Streaming System and Flink

Oct 20, 2024

Part 1. What are Streaming Systems?

Streaming Essentials

Assume we have a streaming system, and the ingress data is as follows:

id	value	timestamp
1	5	12:00:02
2	9	12:01:30
3	7	12:02:20
4	8	12:03:00
5	3	12:03:50
6	4	12:04:20

We want to achieve the following task: Calculate the sum of event values within a 2-second window.

Sum	Window Range
14	[12:00, 12:02)
18	[12:02, 12:04)
4	[12:04, 12:06)

Event Time vs Process Time

Event time: The time the event occurs, indicated by the timestamp in the table above.
Processing time: The time when the event is actually observed by the system.

Ideally, event time equals processing time, in which case the process order is the same as the event order. However, due to network delays and inefficiencies, this is not strictly achievable.

Triggers

In stream processing, data continuously enters windows.

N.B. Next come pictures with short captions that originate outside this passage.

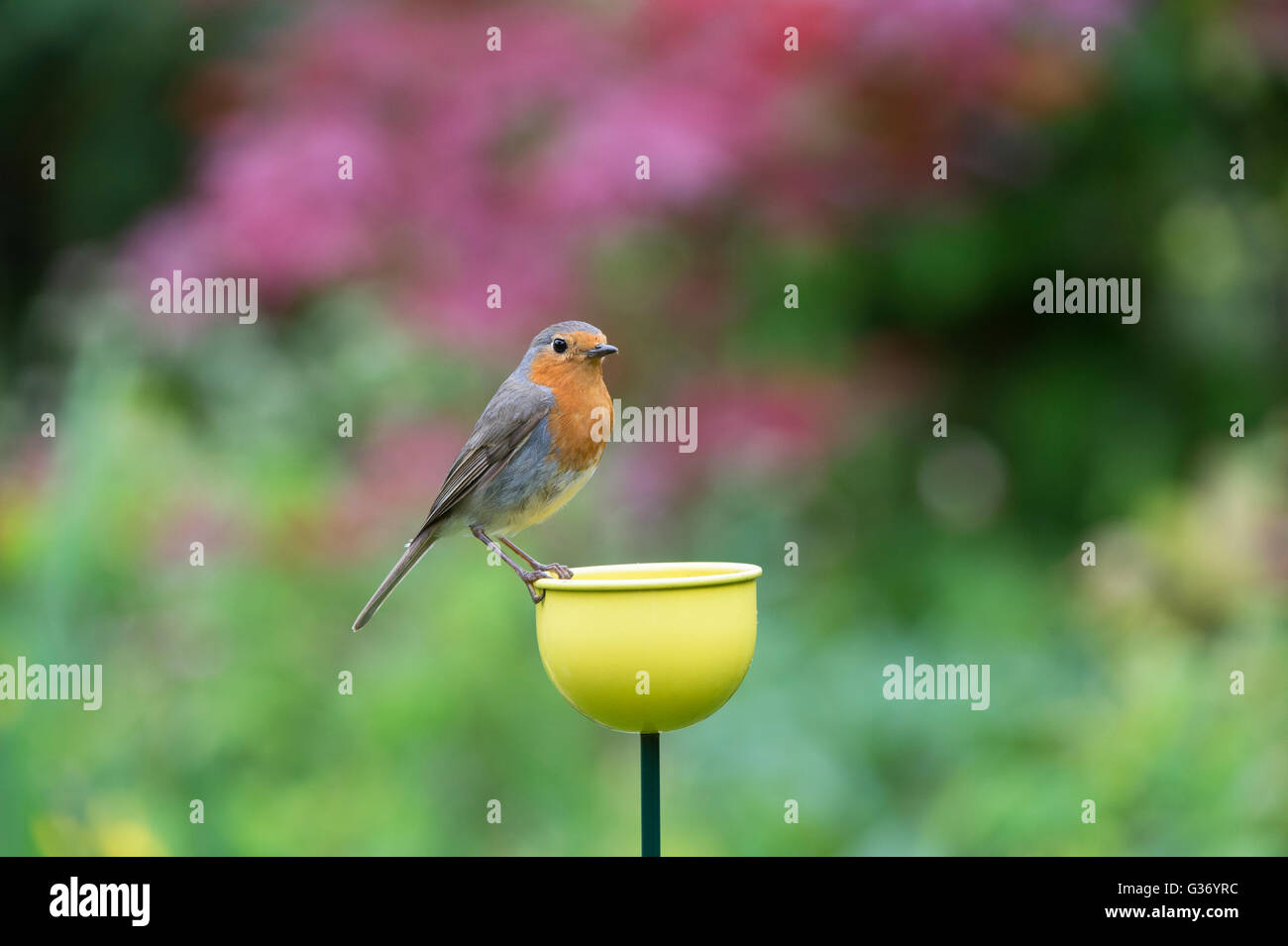 Erithacus Rubecula. Robin steht auf einer Farbe Tassen Vogelhäuschen in einen englischen Garten Stockfoto
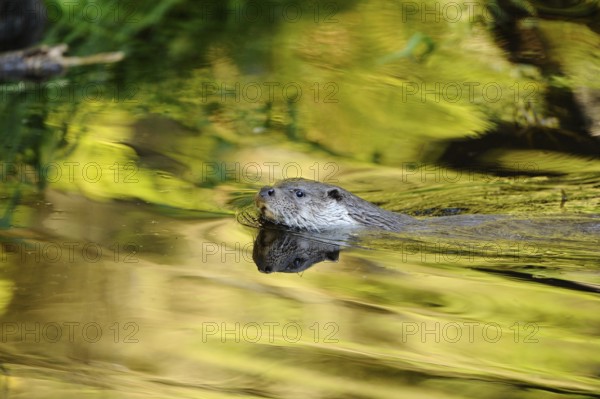 An otter swims through water illuminated by the sun, otter (Lutra lutra), Bavarian Forest National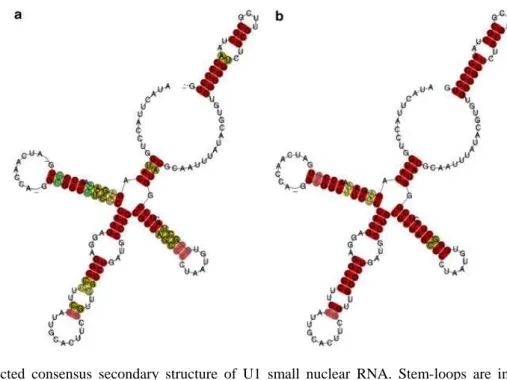 Figure  3.  Predicted  consensus  secondary  structure  of  U1  small  nuclear  RNA.  Stem-loops  are  indicated  by  Roman  numerals,  following  Lo  and  Mount  (1990)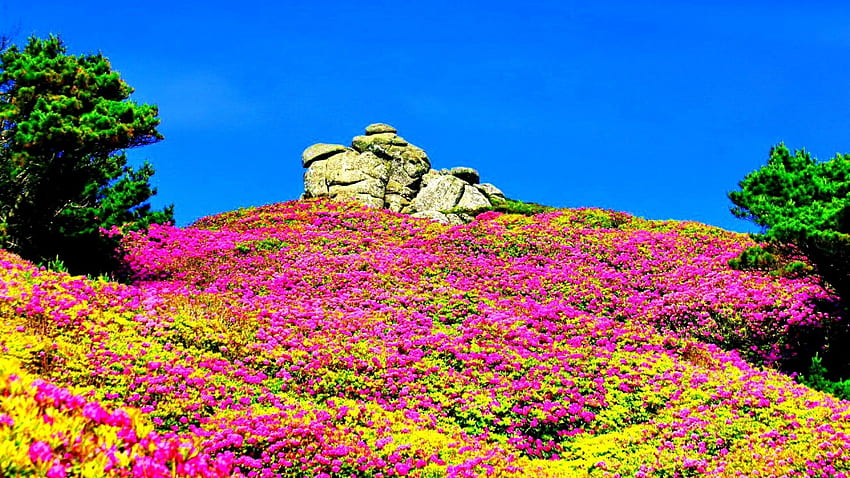 Spring Mountain, splendow, meadow, sky, nature, flowers, spring, mountain HD wallpaper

The role of triggers is to determine when to send the state (local state) of the window downstream while maintaining the state of the stream. Without triggers, the result would accumulate indefinitely, equivalent to a batch processing system.

Triggers can send results at any time or multiple times.

The main problem caused by out-of-order events is that we cannot know the state of each window at any given time (is it complete or not?), so how should we decide when to send the window results?

Strategy 1: Per-record triggering
The simplest way is to update the window state and trigger sending to downstream every time an event is received. The downside is that communication overhead is high. For scenarios with large data volumes, a single window may contain hundreds or thousands of data points, resulting in low efficiency.

Strategy 2: Aligned delay triggering
This strategy improves on Strategy 1 by triggering based on time instead of individual events. The advantage is that even if multiple data points arrive in one second, the trigger only fires once, reducing message volume.

Strategy 3: Unaligned delay triggering
This further improves Strategy 2 by triggering based on the arrival time of the most recent event. This approach evenly distributes triggering, contributing to system stability.

Watermarks

Using triggers to periodically update window states and send results downstream can encounter two problems:

Although periodic triggering helps approach the final state of a window, there is no explicit signal indicating the window is complete and the results are correct.
Without such a signal, the window cannot be closed, and the system cannot reclaim local state, leading to increasing storage pressure.

The purpose of Watermarks/completeness trigger is to provide a signal that a window is complete. Watermarks can be seen as a function: $F(p) \to E$

Where p is processing time, and E is the event time. A watermark indicates that all events with event times less than E have been processed.

Having watermarks allows us to determine when a window can be closed. In many cases, we cannot obtain perfect watermarks, and instead, infer them based on other indicators like network speed or file counts. This can lead to two situations:

Watermark too slow: The watermark is produced too late, causing downstream processing to idle and significantly increasing system latency.
Watermark too fast: The watermark is produced too early, causing windows to close prematurely and leading to inaccurate results. For example, an event with timestamp 12:01:30 may arrive late, but the window closed prematurely based on an earlier watermark.

To mitigate these issues, we can combine repeated update triggers with watermarks. Specifically, we trigger at three key points: before the window closes, when the window closes, and after the window closes to handle late events.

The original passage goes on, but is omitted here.